11. In summary, multiple errors occurred in
the trial which were prejudicial and require a new trial. Further, the court at
this time should enter a partial judgment notwithstanding the verdict, and
grant an injunctive and declaratory relief, finding that Plaintiff' s termination
motivated by an illegal factor, and direct Plaintiff' s counsel to submit an
application of attorney's fees as it relates to the prosecution of the
retaliatory termination claim, as required under 42 USC § 2000e-5(g)(2)(B).
12. The undersigned certifies that he has
contacted opposing counsel pursuant to local Rule regarding this motion.
Opposing counsel will contest this motion.
WHEREFORE, the Plaintiff requests the Court enter an appropriate Order
for a partial judgment notwithstanding verdict, and a new trial for reasons
cited herein.
____________________
Edward R.
Gay, Esquire
Fla.
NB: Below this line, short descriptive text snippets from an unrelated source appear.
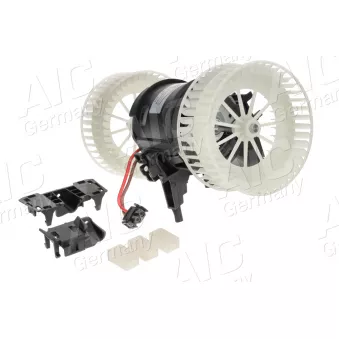 Pulseur d'air habitacle AIC OEM 64116933910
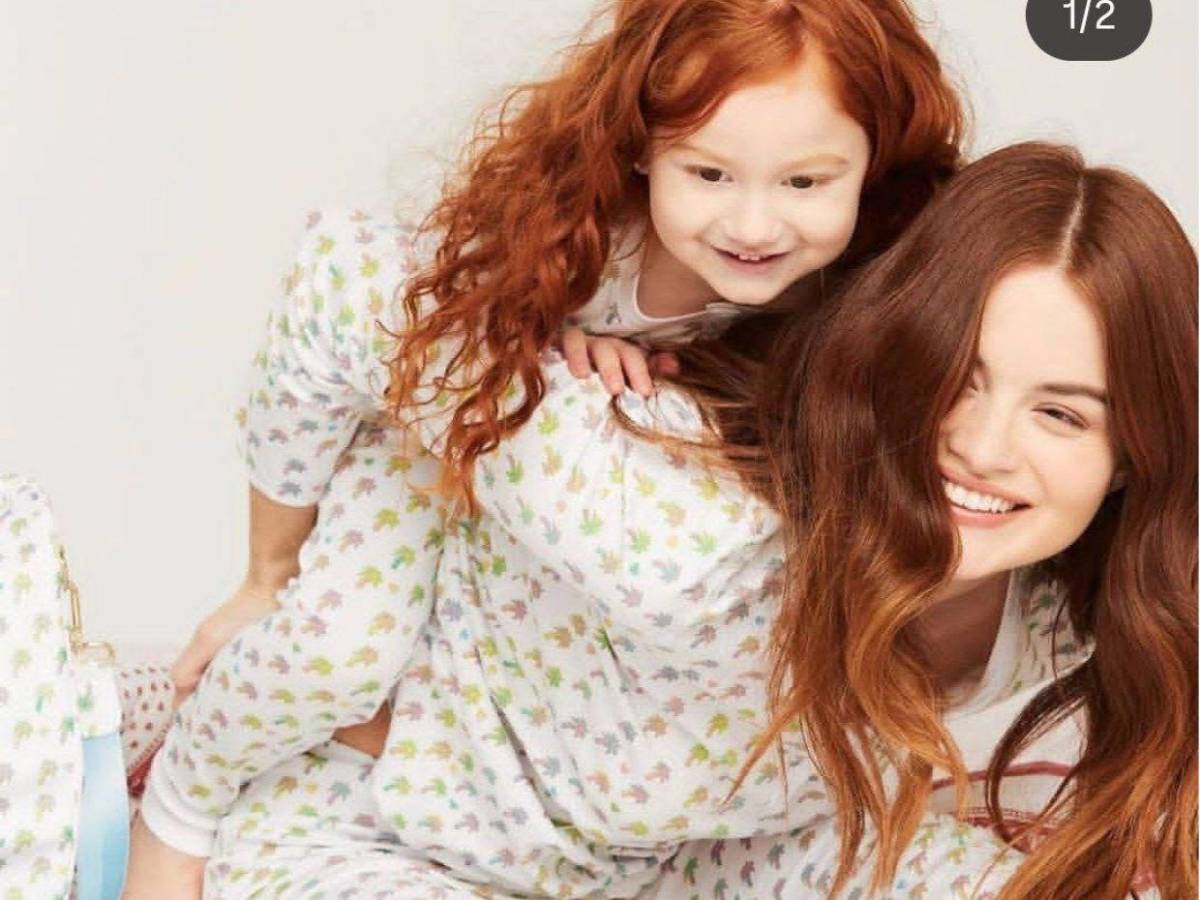 ¿Qué ha sido de Rebeca Rodríguez, Zu Clemente y Stephanie Cam desde que ganaron Miss Honduras?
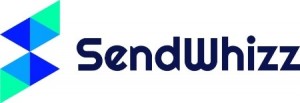 SENDWHIZZ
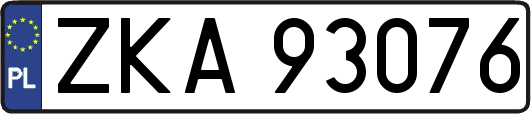 ZKA93076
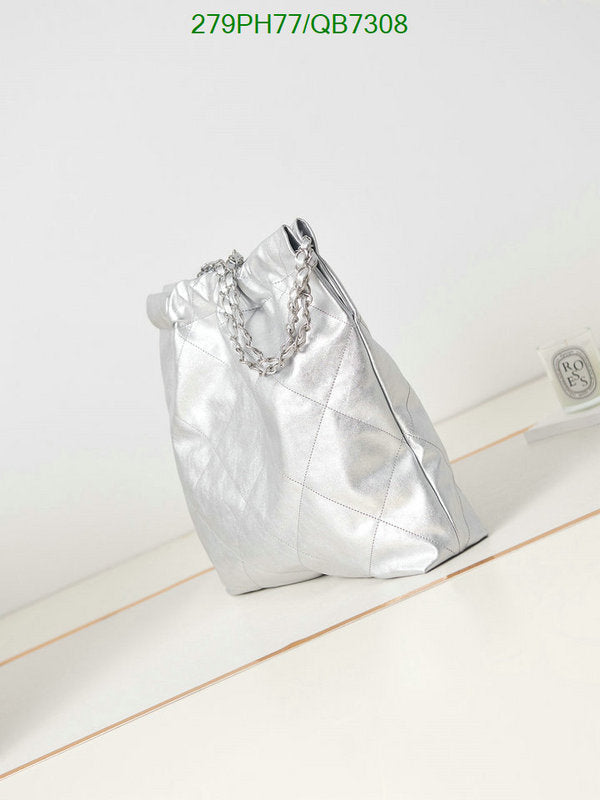 SAMC - CHL Bags - 564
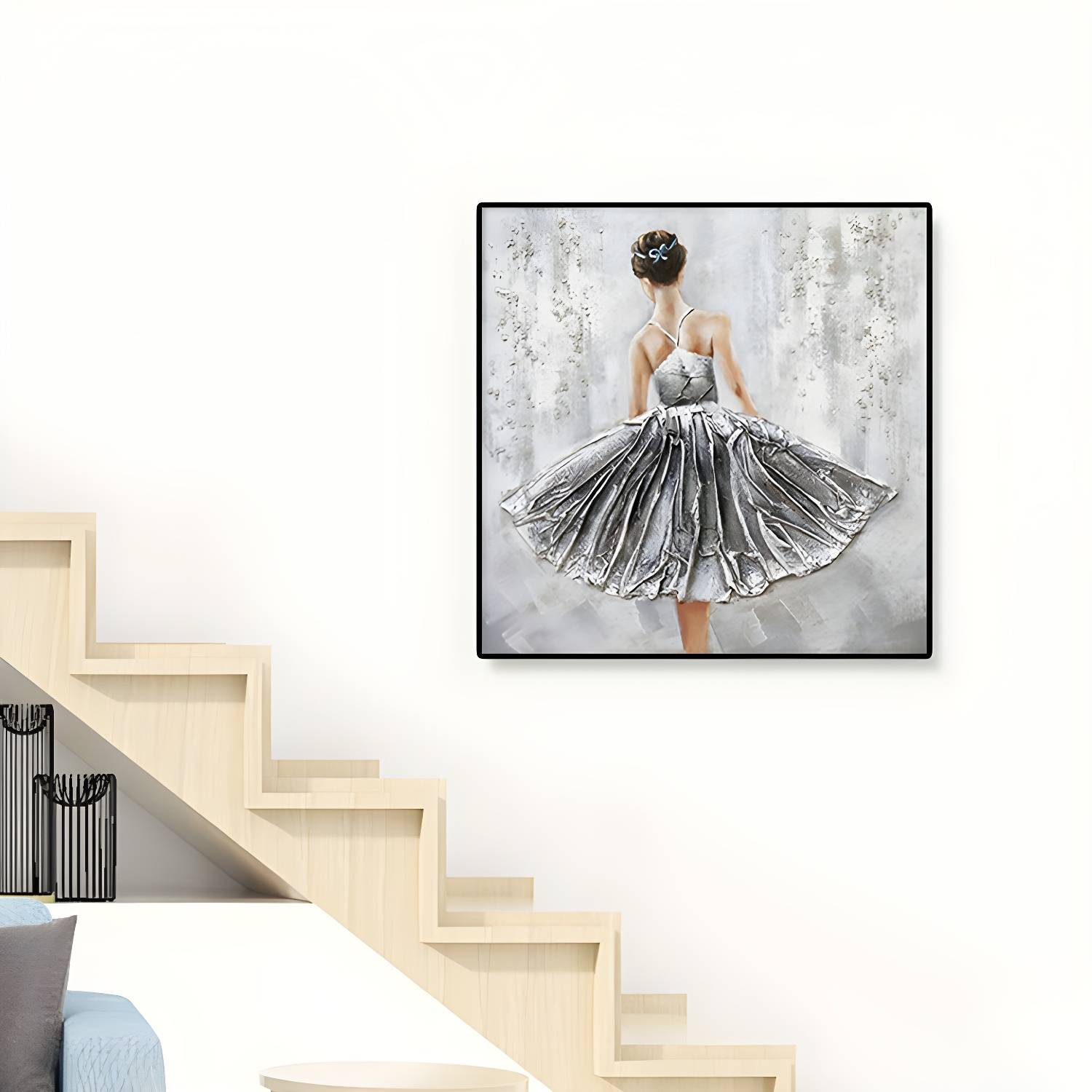 Imported image 352470b2e96c 1860838.jpg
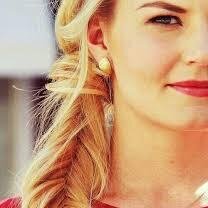 imnotthesavior's profile picture. Mother by day, savior by night. Just call me Emma. [ Roleplay account ]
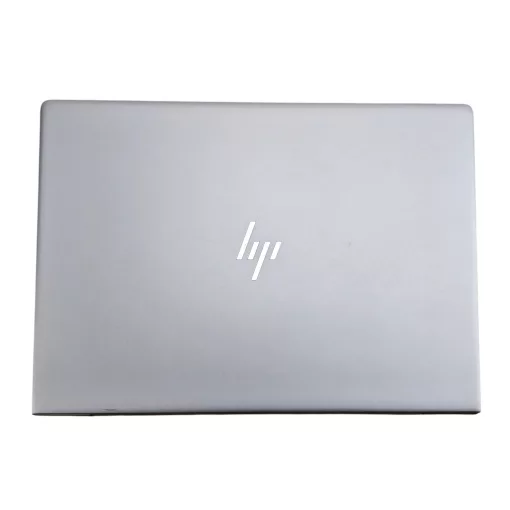 HP EliteBook 745 G6 Laptop + AMD Radeon Vega 6 / AMD Ryzen 3 PRO / 8GB RAM / 256GB SSD / Magyar billentyűzet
Bar No.
342084
1516 E.
Concord Street
Orlando,
Florida 32803
407/898-1871
407/897-7042
(telefax)
TRIAL COUNSEL
FOR PLAINTIFF
CERTIFICATE OF SERVICE
I hereby certify
that on the ~ day of March, 2000, a true and correct copy of the above
and foregoing was mailed by U.S. Mail, postage prepaid, to Assistant Attorney
General, Charlann Jackson-Sanders, Westwood Center, Suite 700, 2002 North Lois
Avenue, Tampa, FL 33607 and Philip J. Spengler, II, Esq., Office of the
Attorney General, 2002 North Lois Avenue, Suite 700, Tampa, FL 33607.